Green Lantern Corps #6 (Opis, opinia) – Najlepszy komiks z Mogo od lat?
Prawdopodobnie dostaliśmy najlepszy komiks o Mogo od kilkunastu lat!
Opis komiksu
W zeszłym tygodniu ukazał się 6. zeszyt „Green Lantern Corps” Adamsa. Tradycyjnie dwa wątki fabularne. Pierwszy skupiony na Jessicie Cruz i Sojourner Mullein, które poleciały do Mogo, żeby pomóc mu w procesie leczenia. Drugi skupiony na Sinestro i Vexar’u, nowej Zielonej Latarni, którzy musieli zrobić porządki na rodzinnej planecie tego pierwszego.
Opinia komiksu
Jeremy Adams pokazał jak w prosty sposób napisać emocjonujący komiks o Mogo. Nieoczywistą wrażliwość postaci ukazał za pomocą jego konstruktów oraz zjawiska atmosferycznych, które wyrażały stan emocjonalny planety. Proste zabiegi narracyjnej, ale idealnie działały ze słowami Jessici, która za wszelką cenę próbowała pomóc przyjacielowi. Cruz pokazała się jako prawdziwa i wrażliwe liderka, która umacnia swoją pozycję. Nieco zbędna w historii była Mullein, ale kto zwracałby na nią uwagę.

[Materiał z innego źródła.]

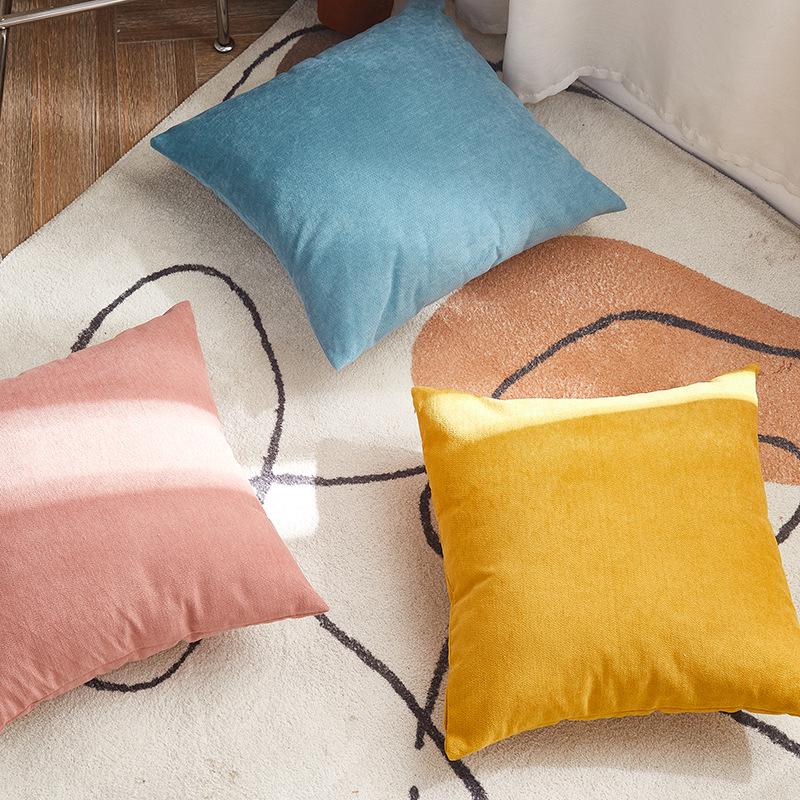 Modern Light Luxury Solid Color Cushion for Sofa or Chair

Wątek z Sinestro nie był szczególnie interesujący. Sinestro działa bezpiecznie, nie wychyla się, brakowało chemii z jego towarzyszką. Ale warto wspomnieć historię ze względu na pojawienie się Sinsona, syna Sinestro, któremu towarzyszył Lor-Zod (syn Zoda). Chłopaki mają silne charaktery, co zostało wykorzystane w interakcji z Sinestro. Kolizja była zabawna, momentami sugerująca większy problem do rozwiązania, ale najbardziej cieszy angażowania chłopców do głównych serii DC – obawiałem się, że zostaną zamiecieni pod dywan po swojej historii. A tu proszę!